───── Material provided

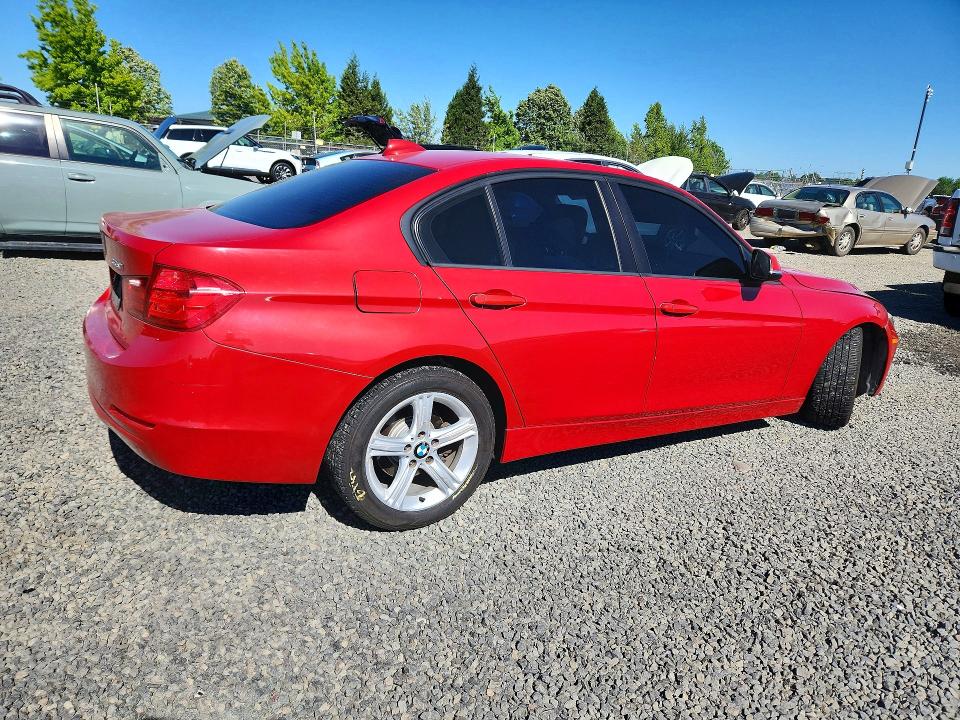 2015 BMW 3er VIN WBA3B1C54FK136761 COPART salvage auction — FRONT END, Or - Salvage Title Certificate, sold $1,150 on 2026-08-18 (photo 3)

──────────
───── Material provided

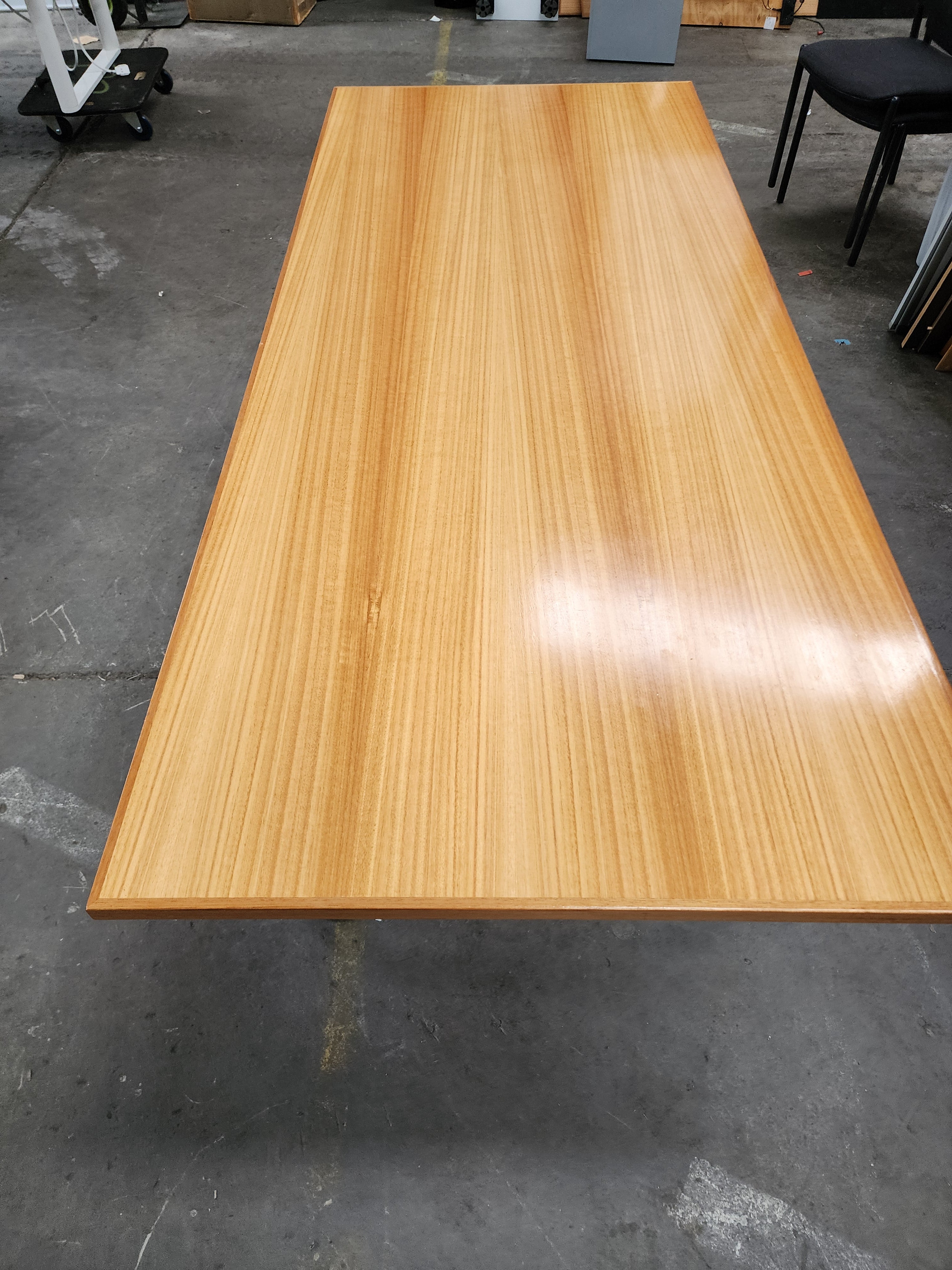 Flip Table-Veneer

──────────
───── Material provided

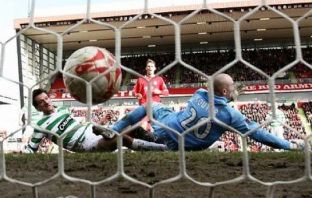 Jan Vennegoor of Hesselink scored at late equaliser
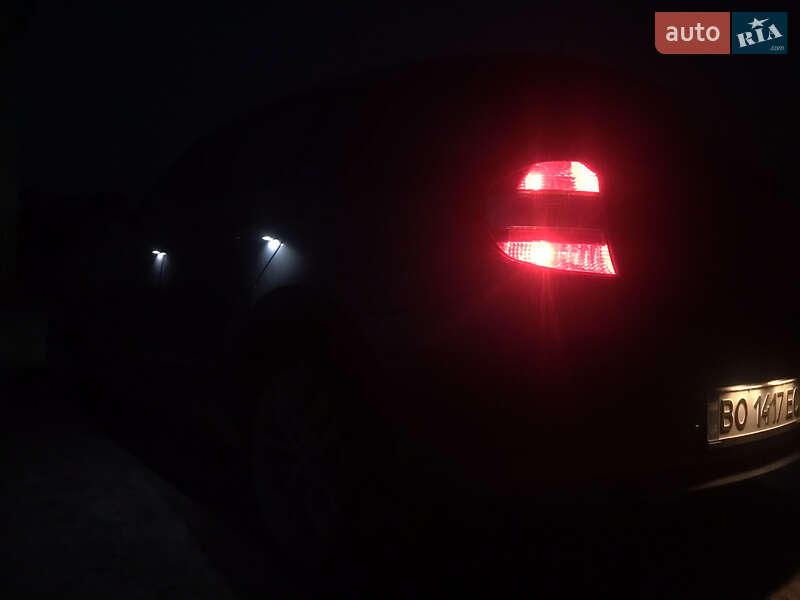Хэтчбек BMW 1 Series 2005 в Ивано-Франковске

──────────

◆ Work item: Your copy should hold the lines from the one with "Jan Vennegoor of" up to and including the one with "Хэтчбек BMW 1 Series 2005 в Ивано-Франковске", exactly as in the data above, and no pictures.

◆ Written solution:
 Jan Vennegoor of Hesselink scored at late equaliser
Хэтчбек BMW 1 Series 2005 в Ивано-Франковске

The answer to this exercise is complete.